WHAT YOU WILL DO ::
Every line of the listing below should be written out exactly, minus its images.

RAW DATA ::
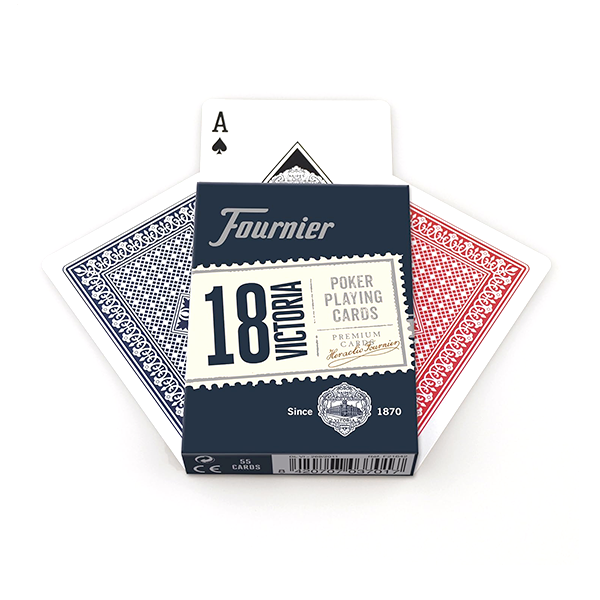 Baraja póker Nª 18 en estuche cartón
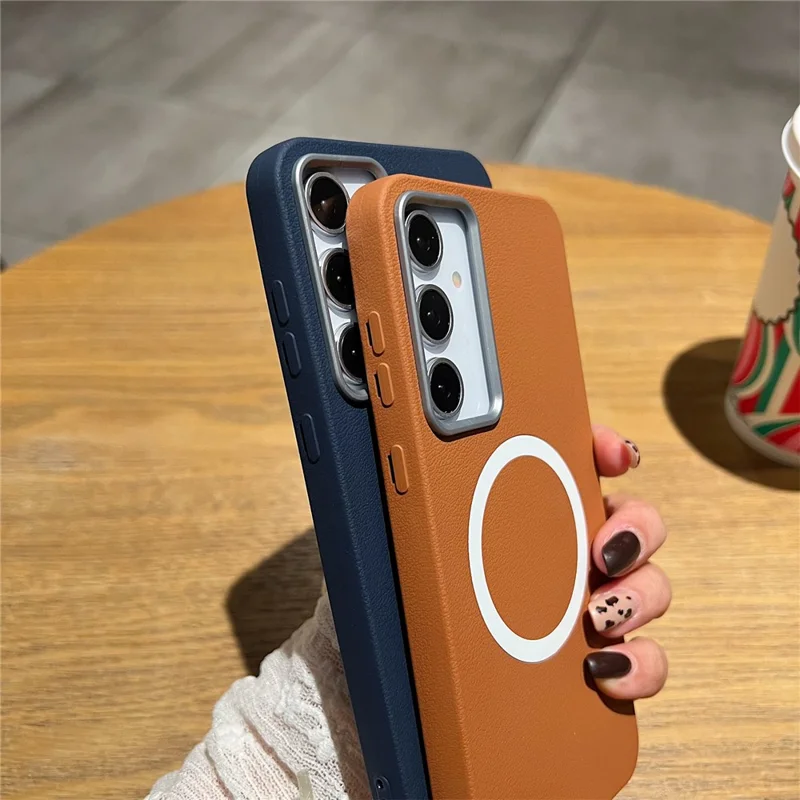 For Samsung Galaxy A35 5G Phone Cases Leather Texture TPU Back Cover Support Wireless Charging - White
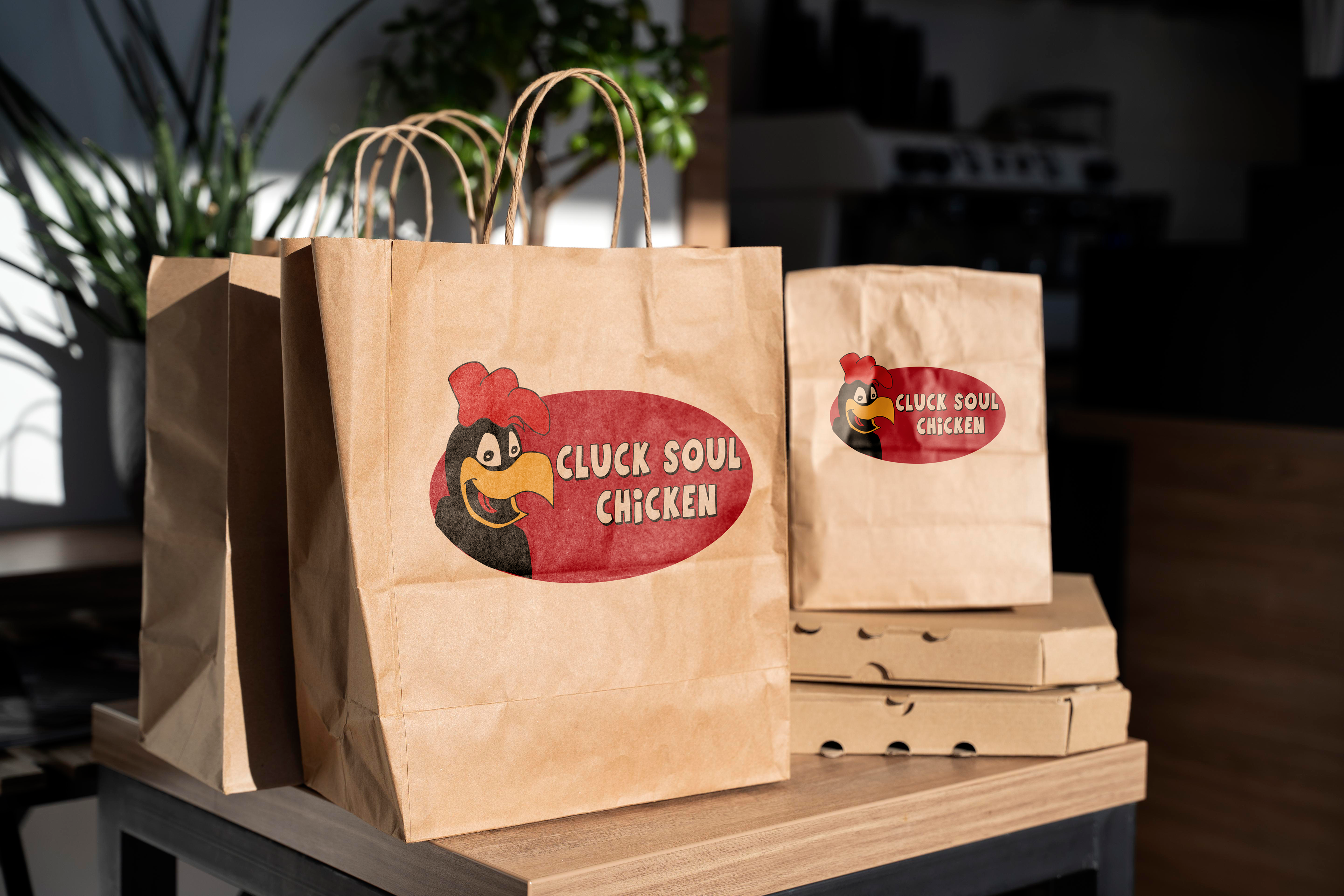 Cluck Soul Chicken's To-go Packaging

RESPONSE TO THE TASK ::
 Baraja póker Nª 18 en estuche cartón
 For Samsung Galaxy A35 5G Phone Cases Leather Texture TPU Back Cover Support Wireless Charging - White
 Cluck Soul Chicken's To-go Packaging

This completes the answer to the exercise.